━━ Material provided
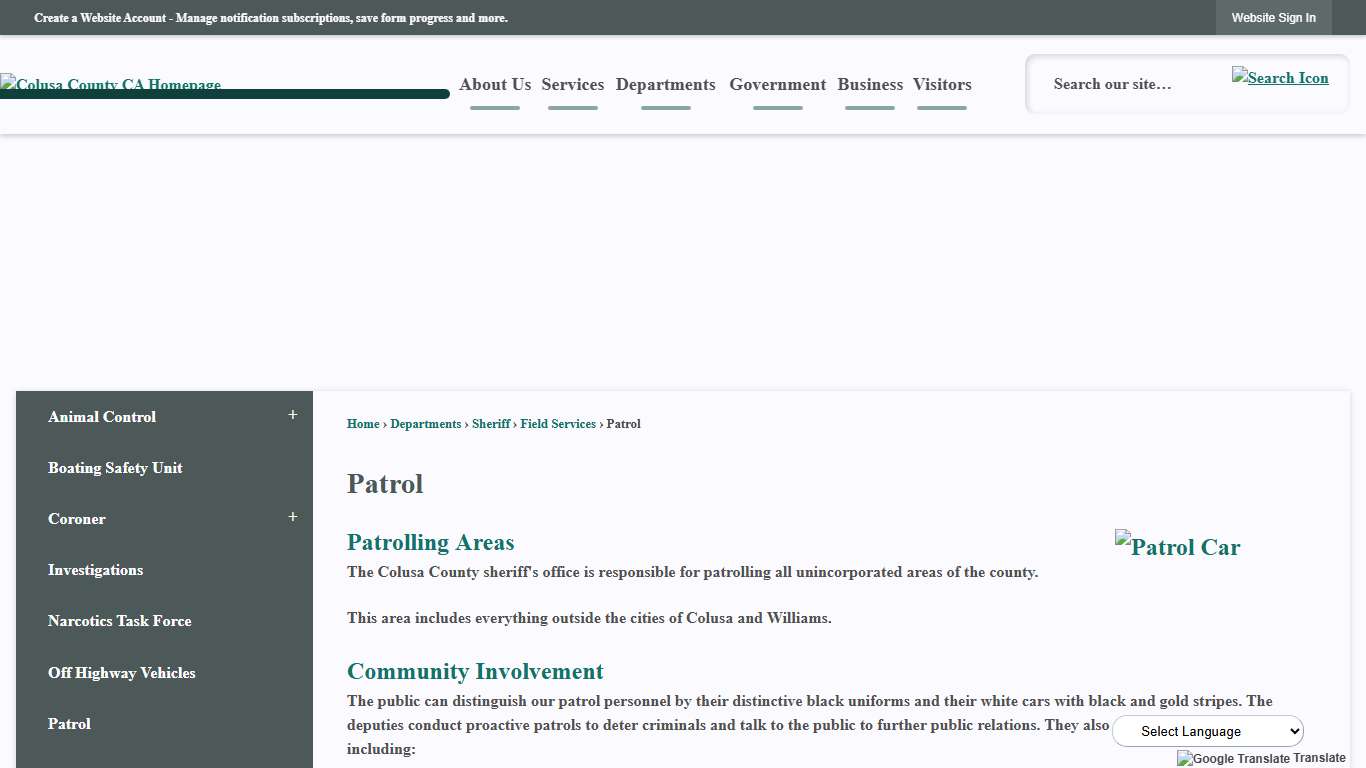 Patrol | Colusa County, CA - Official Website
━━━━
━━ Material provided
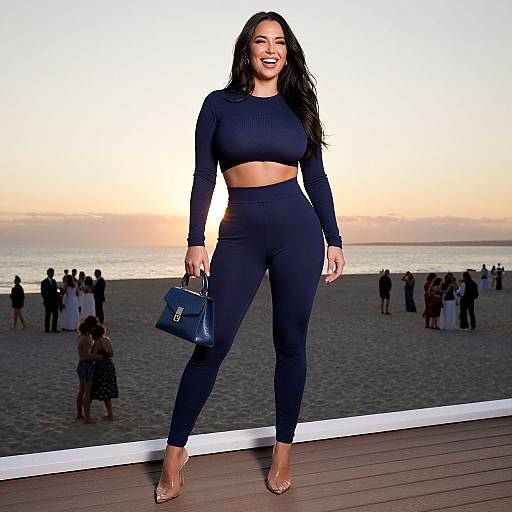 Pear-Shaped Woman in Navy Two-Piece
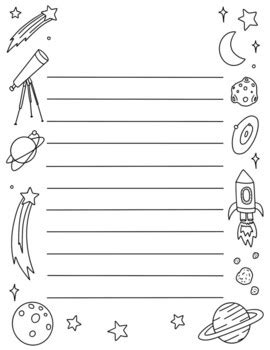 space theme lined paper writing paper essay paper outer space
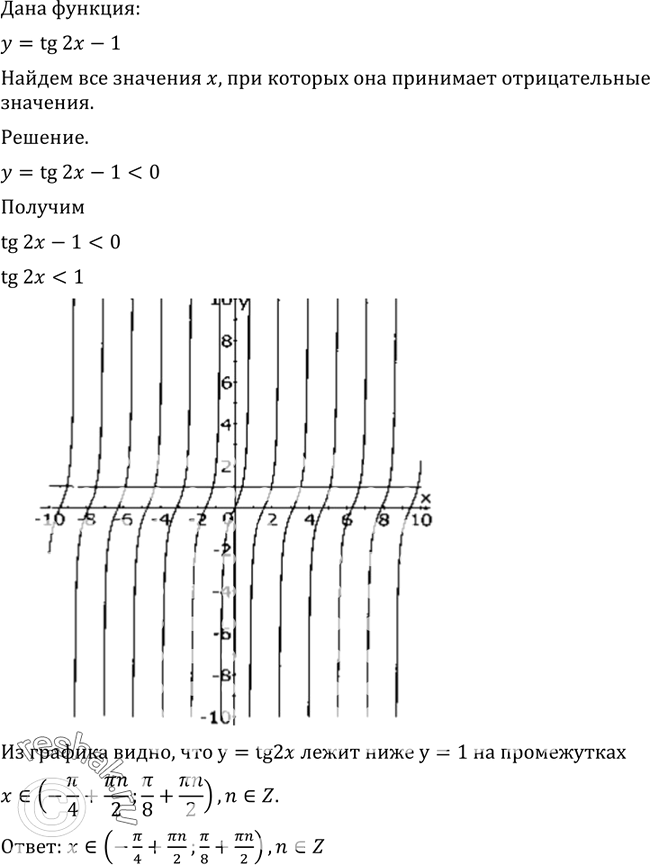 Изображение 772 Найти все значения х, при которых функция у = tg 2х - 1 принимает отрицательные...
━━━━
From the records above, transcribe exactly the lines starting at the one containing "space theme lined" and ending at the one containing "Изображение 772 Найти". Skip the pictures.

The completed task:
 space theme lined paper writing paper essay paper outer space
 Изображение 772 Найти все значения х, при которых функция у = tg 2х - 1 принимает отрицательные...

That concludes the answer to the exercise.